» **Work order**: Print out the entries from the line containing "Atlantic White Cedar swamp" through the last line, exactly, and print nothing else. Pictures are not copied.

★ ★ ★

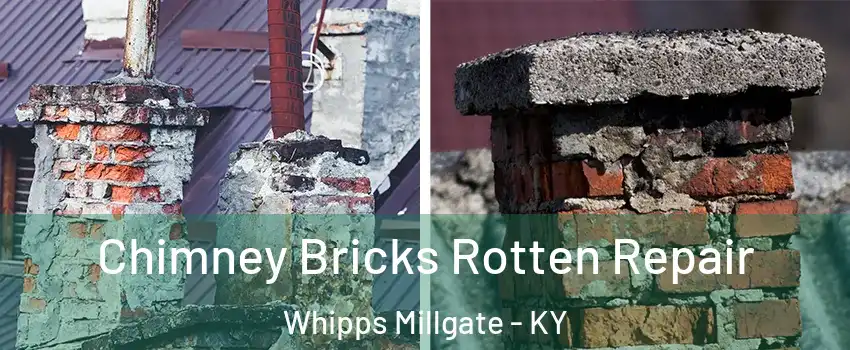 Chimney Bricks Rotten Repair Whipps Millgate - KY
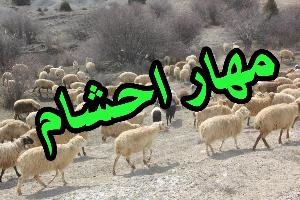 مهار ۶۴۶ راس دام قاچاق در مرزهای کردستان مهار ۶۴۶ راس دام قاچاق در مرزهای کردستان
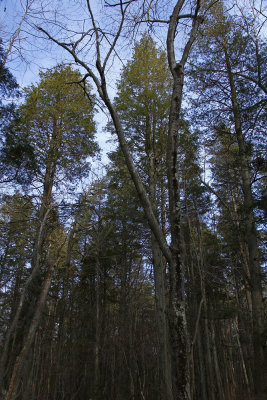 Atlantic White Cedar swamp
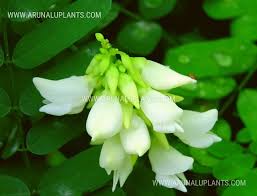 Image result for Abrus melanospermus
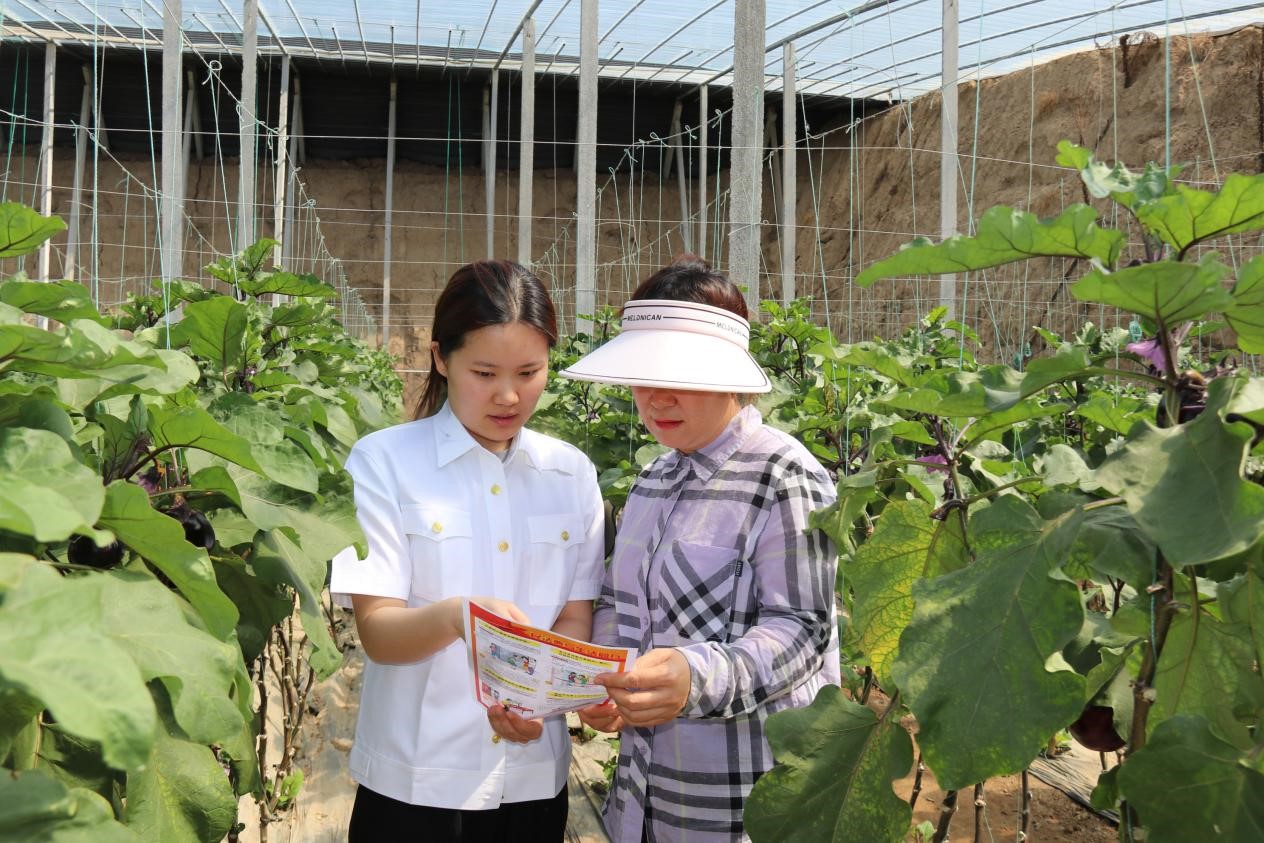 金叶助农添活力 苏家村振兴绘新景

★ ★ ★

» **Output of the exercise**:
 Atlantic White Cedar swamp
 Image result for Abrus melanospermus
 金叶助农添活力 苏家村振兴绘新景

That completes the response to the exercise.